Description
Description
Foundation.Process
on Linux uses a trick (that doesn't actually work...) to detect if the child process has exited: It inherits a socketpair descriptor into the child and it expects this socket to be closed when the child exits. In simple scenarios that is true but UNIX by default inherits all file descriptors into child processes. That means if the sub process itself spawns another process, the special socket will be inherited into the child.
That's a huge issue however because now the parent process will no longer detect if the child is dying because the child's child also has that file descriptor...
Attached, please find a reproduction which does the following:
The parent
process spawns a /bin/sh
as its child
process. That child
process spawns another process (childs child
) which does sleep 12345678
which is a very very long sleep. After one second, parent
kills child
with SIGKILL
which means that child
now immediately exits. Then, the parent
calls process.waitUntilExit()
which should immediately return (because the child is dead). Alas, Foundation.Process
does not realise that child
is dead because that special socketpair is also inherited into childs child
(and further sub processes)...
Expected behaviour (observed on Darwin)
$ swift /tmp/process_bug_repro.swift
[in parent: 11427] start subprocess 'child'
[in parent: 11427] waiting 1 second (for child with pid 11428)
[in child: 11428] start subprocess 'childs child'
[in child: 11428] waiting for childs child (with pid 11429)
[in childs child: 11429] start
[in parent: 11427] kill SIGKILL child with pid 11428)
[in parent: 11427] kill successful
[in parent: 11427] waiting for child with pid 11428 to exit
[in parent: 11427] done
Actual behaviour (observed on Linux, Swift 5.8)
[in parent: 13] start subprocess 'child'
[in parent: 13] waiting 1 second (for child with pid 35)

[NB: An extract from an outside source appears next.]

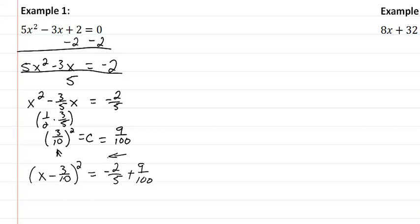If you want to do the intermediate step of writing it out the x minus 3 tenths squared unfactored, before you put it in the factor form, you may do that. But I'm just trying to show you a way of saving a few steps and a little bit of time.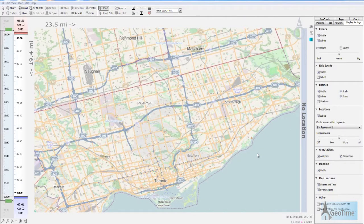Hello everyone and welcome to this GeoTime how-to video. Here we're going to take a look at how to create your own locations inside of GeoTime.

[in child: 35] start subprocess 'childs child'
[in child: 35] waiting for childs child (with pid 36)
[in childs child: 36] start
[in parent: 13] kill SIGKILL child with pid 35)

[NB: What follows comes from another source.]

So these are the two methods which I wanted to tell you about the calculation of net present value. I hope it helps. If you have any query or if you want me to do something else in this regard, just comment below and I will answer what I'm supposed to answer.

[in parent: 13] kill successful
[in parent: 13] waiting for child with pid 35 to exit
[in parent: 13] WEIRD (THIS IS THE BUG), still waiting at 2023-07-12 14:23:08 +0000. Running ps uw -p 13 -p 35 -p 36
USER PID %CPU %MEM VSZ RSS TTY STAT START TIME COMMAND
root 13 11.3 4.3 591104 175580 pts/0 Sl+ 14:23 0:00 /usr/bin/swift-frontend -frontend -interpret process_bug_repro.swif
root 35 0.0 0.0 0 0 pts/0 Z 14:23 0:00 [sh] <defunct> <<--- JW: THIS IS THE CHILD THAT's a zombie now
root 36 0.0 0.0 2308 832 pts/0 S 14:23 0:00 /bin/sh -c echo "[in childs child: $$] start"; sleep 12345678; echo
[in parent: 13] WEIRD (THIS IS THE BUG), still waiting at 2023-07-12 14:23:13 +0000. Running ps uw -p 13 -p 35 -p 36
USER PID %CPU %MEM VSZ RSS TTY STAT START TIME COMMAND
root 13 8.3 4.3 664932 175584 pts/0 Sl+ 14:23 0:00 /usr/bin/swift-frontend -frontend -interpret process_bug_repro.swift -Xllvm -aarch64-use-tbi -disable-objc-interop
root 35 0.0 0.0 0 0 pts/0 Z 14:23 0:00 [sh] <defunct>
root 36 0.0 0.0 2308 832 pts/0 S 14:23 0:00 /bin/sh -c echo "[in childs child: $$] start"; sleep 12345678; echo "[in childs child: $$] done"

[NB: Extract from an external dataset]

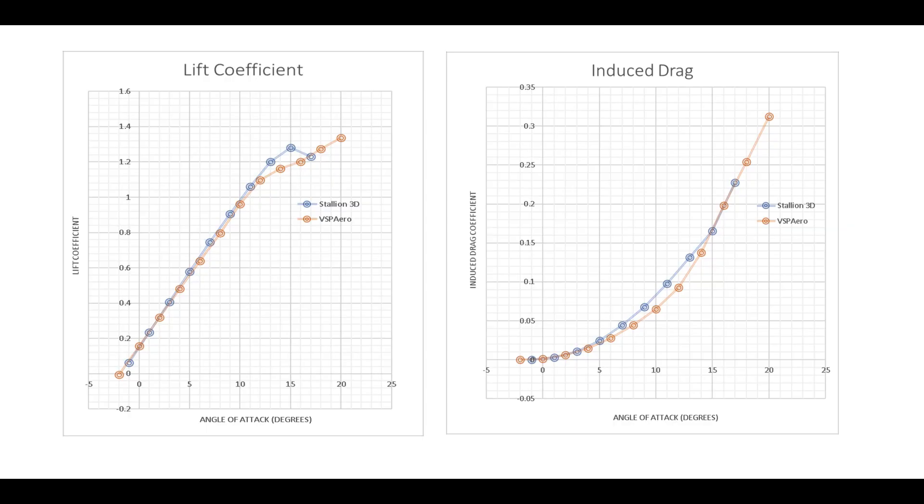Thanks for watching to the end. The graphs compare two sets of results from Stallion 3D and VSP aero. Both the lift coefficient and induced drag are close.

[...] output continues "forever"
Fix
Instead of using this special socketpair which has two issues:
- As demonstrated above, this can lead to false negatives (because fd gets inherited further)
- This can also lead to false positives (because the child process could close all its file descriptors making Foundation.Process think that the child has exited when it hasn't)
To fix both of these, Foundation.Process should either use pidfd_open
or signalfd
on SIGCHLD
to get an epoll
able signal when the child process dies.